NAPOLI – Una notte di controlli a tappeto, un bilancio pesante che svela un sottobosco di illegalità diffusa nel cuore pulsante della movida collinare. Le strade del Vomero e dell’Arenella, solitamente animate dal viavai di giovani e famiglie, sono state passate al setaccio dai Carabinieri della Compagnia Vomero in un’operazione ad alto impatto che ha visto la collaborazione dei militari della Guardia di Finanza, della Polizia Municipale e del personale dell’Asl di Napoli. L’obiettivo era chiaro: ripristinare la legalità e garantire la sicurezza dei cittadini, sia per le strade che a tavola.
Il bilancio finale dell’operazione, conclusasi alle prime luci dell’alba di oggi, 30 agosto 2026, parla da solo. Sono state 118 le persone identificate e 49 i veicoli ispezionati. La disciplina stradale, spesso ignorata nel caos del fine settimana, è stata uno dei principali focus: ben 20 le sanzioni elevate al codice della strada, per un importo complessivo che sfiora i 13 mila euro.

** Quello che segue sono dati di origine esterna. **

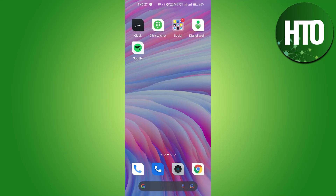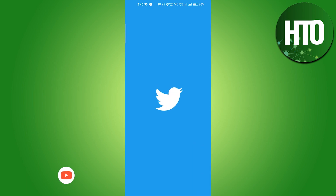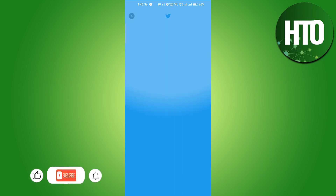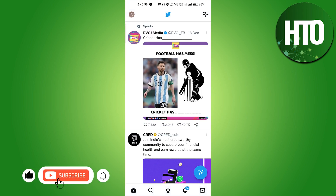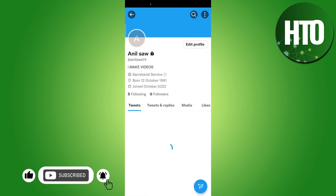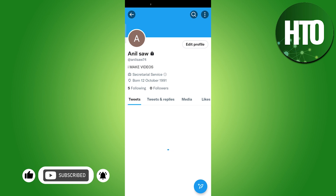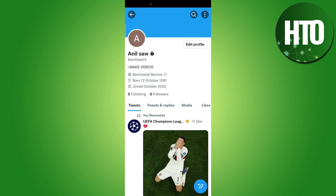Hey guys, welcome back to How to Online. In this video I'm going to show you how to make your Twitter profile picture a GIF. Basically, you have to make sure that if you have made your account before 2013, then only you can make your profile picture a GIF. Otherwise, if you have made it after 2013, there is no way you can put your profile pic as a GIF.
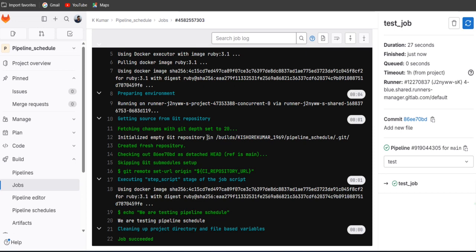So mostly this concept is used for the deployment purpose like production testing, staging, and pre-production. So I hope guys you understand this concept. So thank you for watching, we'll see you in the next lecture.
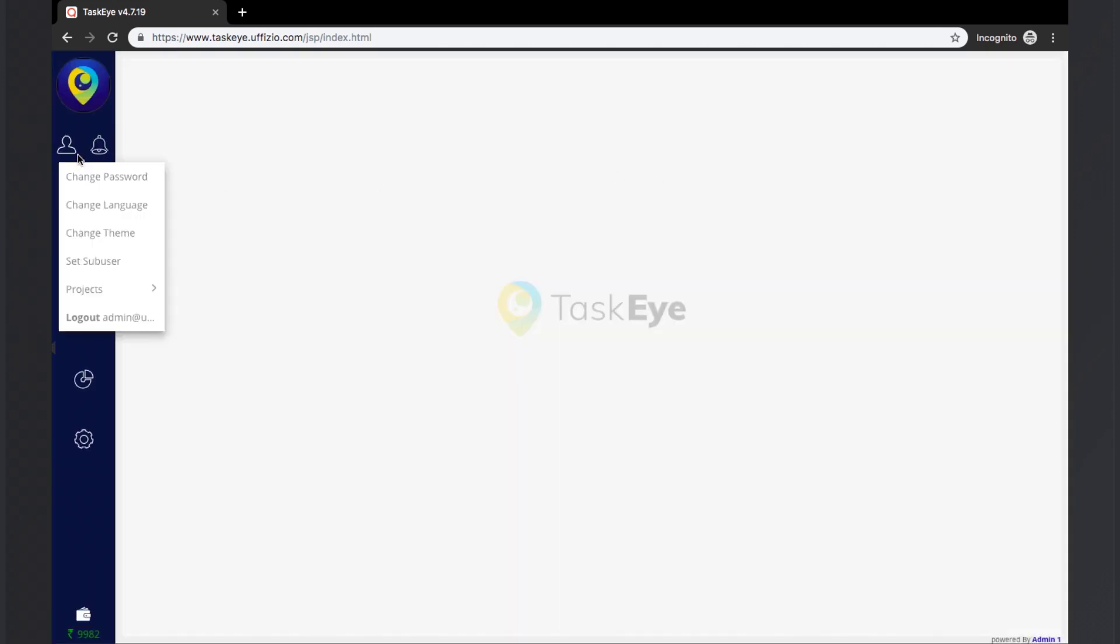After the sub-user, we have the projects option. The user can go to the projects option and it will display a list of projects which are allocated to that user and he can select from any one of them. Finally, there is the logout button which, when clicked, will terminate the existing session of the user and logs out of the TaskEye platform.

Ma è sul fronte penale e amministrativo che sono emerse le criticità più gravi. Due le persone denunciate a piede libero all’Autorità Giudiziaria. La prima è una 27enne del posto, che avrebbe dovuto trovarsi agli arresti domiciliari. I militari, durante un controllo di routine, l’hanno invece sorpresa fuori dalla sua abitazione, facendo scattare immediatamente la denuncia per il reato di evasione. Nel mirino è finito anche il titolare di una nota pizzeria in Via Mariano Semmolla. All’interno del suo locale, i carabinieri hanno scoperto due lavoratori completamente “in nero”, privi di qualsiasi contratto e tutela. A rendere la situazione ancora più grave, la constatazione che i due dipendenti non erano mai stati sottoposti alla visita medica obbligatoria, un requisito fondamentale per chi maneggia alimenti, esponendo così la clientela a potenziali rischi.

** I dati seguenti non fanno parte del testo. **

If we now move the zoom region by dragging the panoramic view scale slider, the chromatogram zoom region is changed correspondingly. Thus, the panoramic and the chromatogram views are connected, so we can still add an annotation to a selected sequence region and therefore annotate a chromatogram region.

L’azione congiunta con la Guardia di Finanza e la Polizia Municipale ha poi acceso i riflettori sul mondo del commercio. Su sette esercizi ispezionati, ben sei sono risultati non in regola. Le violazioni contestate vanno dalla classica mancata memorizzazione e trasmissione telematica dei corrispettivi (il cosiddetto “scontrino fiscale”), alla più moderna anomalia del mancato collegamento del POS al registratore di cassa, fino al mancato rispetto degli orari di apertura.
Il capitolo più allarmante, tuttavia, riguarda la salute pubblica. I controlli igienico-sanitari, effettuati insieme al personale specializzato dell’Asl, hanno scoperchiato un vaso di Pandora. In una frequentatissima cornetteria di via Mascagni, è stato effettuato un sequestro impressionante: circa 250 chilogrammi di alimenti, tra preparati e prodotti finiti, sono stati sottratti alla vendita perché conservati senza rispettare le procedure di abbattimento della temperatura, fondamentali per prevenire la proliferazione batterica. Al titolare è stata comminata una sanzione da 2 mila euro, con l’intimazione a regolarizzare la Scia (Segnalazione Certificata di Inizio Attività).

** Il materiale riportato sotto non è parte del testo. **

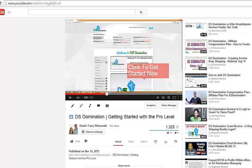Hey everyone, Tracy Wisnowski here of DustinandTracy.com, and in today's video I want to show you how you can add clickable annotations to your YouTube videos.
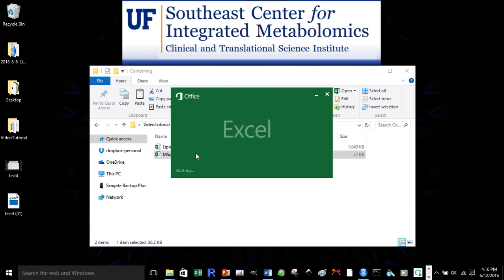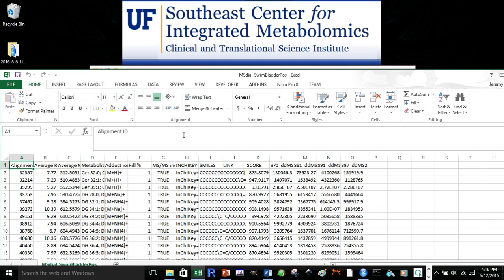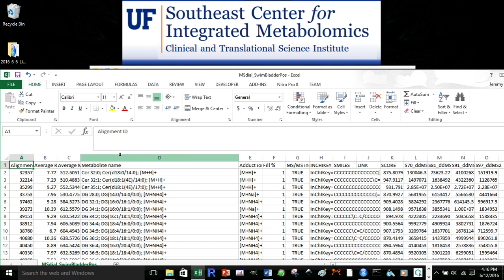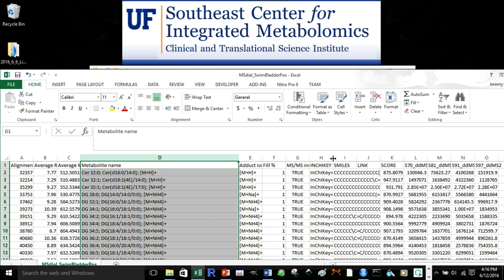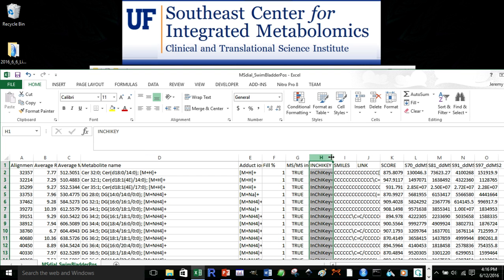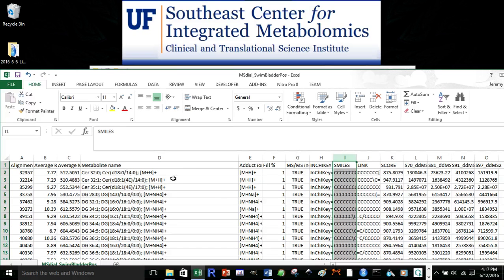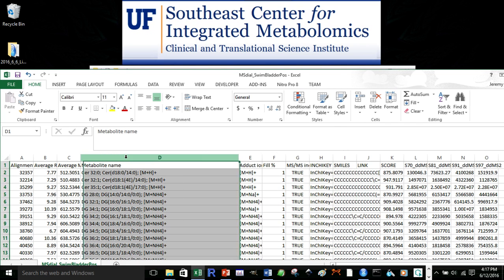Now we'll open up our MSDial file, and in our MSDial file, we'll see the same types of columns that we want to write down. So first, for our identification, we have multiple options. We could take the metabolite name, we could take the InChIKey, we could take the SMILES, or using a concatenate function in Excel, we could combine them all and append all of them to the lipid match file. In this case, let's just take the metabolite names.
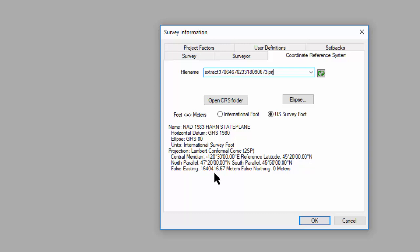So if you're familiar with projection files, or if you get a projection file with a shape file that you're using on a project, you can turn right around, copy it into this folder where all the CRS files are.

Non è andata meglio a un ristorante di cucina giapponese in via Cilea, dove gli ispettori hanno riscontrato “gravi carenze igienico-sanitarie” che hanno portato a una multa da mille euro per il proprietario. Infine, in un ristorante di via Santa Maria della Libera, sono stati sequestrati circa 7 chili di alimenti da forno, compresi prodotti destinati a persone celiache, e altri 7 chili di pasticceria. Anche in questo caso, il cibo era conservato senza rispettare le procedure di abbattimento e scongelamento, un rischio inaccettabile soprattutto per alimenti destinati a consumatori con specifiche esigenze di salute. Per il locale è scattata una sanzione amministrativa da 2 mila euro. Un’operazione che dimostra la linea della tolleranza zero delle forze dell’ordine, determinate a garantire che la movida sia un luogo di divertimento sicuro, e non una zona franca dove l’illegalità possa prosperare a danno dei cittadini.